Harald zur Hausen’s discovery of the link between infection and cancer provides a window into what may turn out to be one of the most fascinating lines of inquiry in twenty-first century medical research: the link between microorganisms and what have been traditionally considered chronic diseases.

This line of inquiry is founded on an evolutionary truth. Bacteria and viruses have been human beings’ most constant companions, existing on this planet billions of years before we did and greeting us as we climbed out of the trees and walked out of Africa. Since the very beginning we have been engaged in an arms race with microbes. The conventional wisdom is that these arms races have led to an essentially benign co-existence between us and "them". But recent thinking has challenged this widespread belief and the truth appears to be more complicated.

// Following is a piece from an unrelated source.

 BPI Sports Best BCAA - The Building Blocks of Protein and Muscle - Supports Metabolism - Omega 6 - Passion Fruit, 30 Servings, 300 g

Whether microbes will evolve to be benign or malign depends on one thing- whether they can transmit their genetic material more efficiently by the former or latter kind of existence. The purpose of evolution is the transmission of genetic material, and bacteria will exploit any route possible for achieving this. Consider malaria. When malaria afflicts an individual, the malarial protozoan can transmit itself through a mosquito vector. It therefore does not need its human victim to be healthy in order to spread its genes. Consequently, victims of malaria do not need to be healthy enough to be mobile and are thus confined to bed with acute chills and fevers. Without treatment they can die a quick death. This confinement serves another obvious diabolical purpose for the malarial parasite; it renders the victims immobile enough for mosquitoes to be able to feed on their blood and thus propagate malarial genes. This explanatory hypotheses would seem to suggest that the severity of malaria would correlate with the ease with which mosquitoes can transmit the disease. Indeed, countries with better methods for mosquito control seem to have less severe cases of malaria; in these cases, because mosquitoes are not readily available to spread the malarial genes, it is in the interests of the malarial parasite to not kill its victims too soon. Cholera which spreads through contaminated drinking water is another disease where this logic seems to be substantiated. In countries where efforts have been made to supply clean drinking water, cholera is not as pernicious as in countries where water is easily contaminated. In the latter cases, the cholera bacterium does not care about quickly killing its victims since it can easily spread into other human bodies through water. In striking contrast to these deadly diseases, the common cold has essentially evolved to a wholly benign co-existence with human beings since the cold virus critically depends on a well-timed sneeze from a completely mobile human being.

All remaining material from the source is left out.